Surgery centers’ infection prevention precautions, concerns over the pandemic and its continued effect on individual patients, and worries about the economic viability of surgery practice, have made 2020 one of the most challenging years for the industry. For instance, some anesthesia and other healthcare companies were struggling even before COVID-19. Now, their situation is much worse, Peterson notes.
“One large staffing company was thinking about declaring bankruptcy,” she says. “There is concern out there because the dollars that the federal government put out in the CARES Act went to hospitals. There was no designated funding for physicians in the same way there was for hospital systems.”
The little funding that came through paycheck protection and Medicare was not close to the losses physicians incurred, Peterson adds. The American Society of Anesthesiologists is working on obtaining potential payments that are dedicated to physicians and anesthesiologists, recognizing their extra sacrifice.
“They not only had canceled elective surgeries, but many redeployed themselves, doing the highest-risk work, intubating COVID patients in ICUs,” Peterson explains. “They were in cities like New York and Boston when those places ran out of ICU ventilators. Our anesthesia machines have ventilators, so we worked with the Food and Drug Administration [FDA] to develop guidance and education for our members. Through the FDA’s green light, we could redeploy these machines to use for COVID patients as ventilators.”
Converting anesthesia machines into ventilators is straightforward, but requires anesthesiologists to work closely with ICU staff to manage the machines. Without help from anesthesiologists, some hospitals would have run out of ventilators. “We saw it coming, and we intervened just in the nick of time by redeploying those resources,” Peterson reports.
The American Society of Anesthesiologists has proposed anesthesiologists receive a 20% bump in payments for that type of service. “We would like retrospective pay for what we’ve done, as well as a mechanism to pay anesthesiologists for that service,” Peterson offers. The same thing could happen for physicians who worked with COVID-19 patients, which led them to miss out on regular cases, she adds.
As surgery centers and physicians struggle with the aftermath of the first wave of the pandemic, they are bracing for a potential double-whammy this fall.
“If hospitals are overwhelmed again, you would see disaster planning come into play again, and that would be very unfortunate,” Peterson says. “Not only is it affecting the livelihood of physicians, but it also impacts patients. A number of patients had heart attacks and strokes and didn’t receive the care they needed during the pandemic.”
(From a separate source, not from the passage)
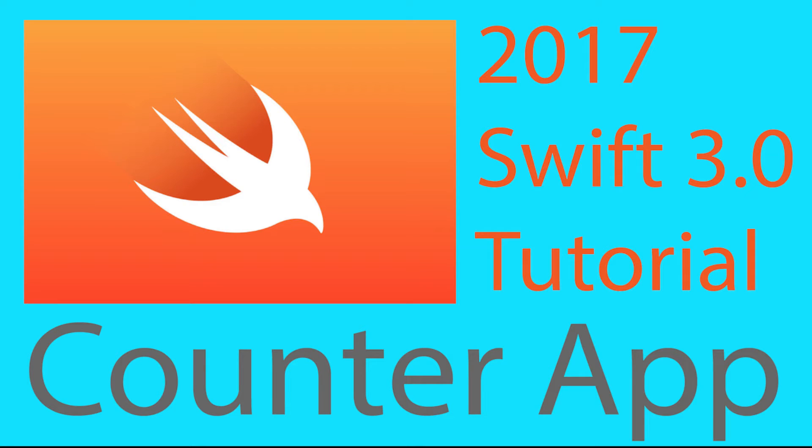Hey, what is up my dudes? Today we're going to be learning how to build a counter app. It's super simple, but you're going to learn a whole bunch. We're going to be doing this in Swift 3.0 using Xcode 8.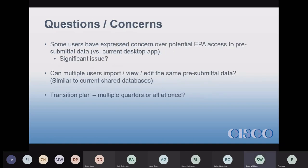Some users have raised concerns about EPA being able to see in-progress data. Right now on the desktop app, EPA sees nothing until you submit. Some users are concerned about that. A question I haven't heard an answer to yet is: if you have multiple users — like many of you with corporate-level environmental folks in a shared database — can multiple users see the same in-progress data before it's submitted? EPA hasn't answered that question yet.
For instance, there was double the rate of ruptured appendices during that period because people were not coming into the emergency room as often, Peterson explains.
“We need to get word out to the public that they should come in for needed care, and care should only be delayed for so long,” she says. “We’ve learned a lot; we’ve learned how to deploy resources, and we can manage patients better in the ICUs now.”
REFERENCE
- COVIDSurg Collaborative. Mortality and pulmonary complications in patients undergoing surgery with perioperative SARS-CoV-2 infection: An international cohort study. Lancet 2020 May 29;S0140-6736(20)31182-X. doi: 10.1016/S0140-6736(20)31182-X. [Online ahead of print].
Surgery centers face multiple challenges as they navigate the new landscape of fewer cases, risk from COVID-19, and little government help.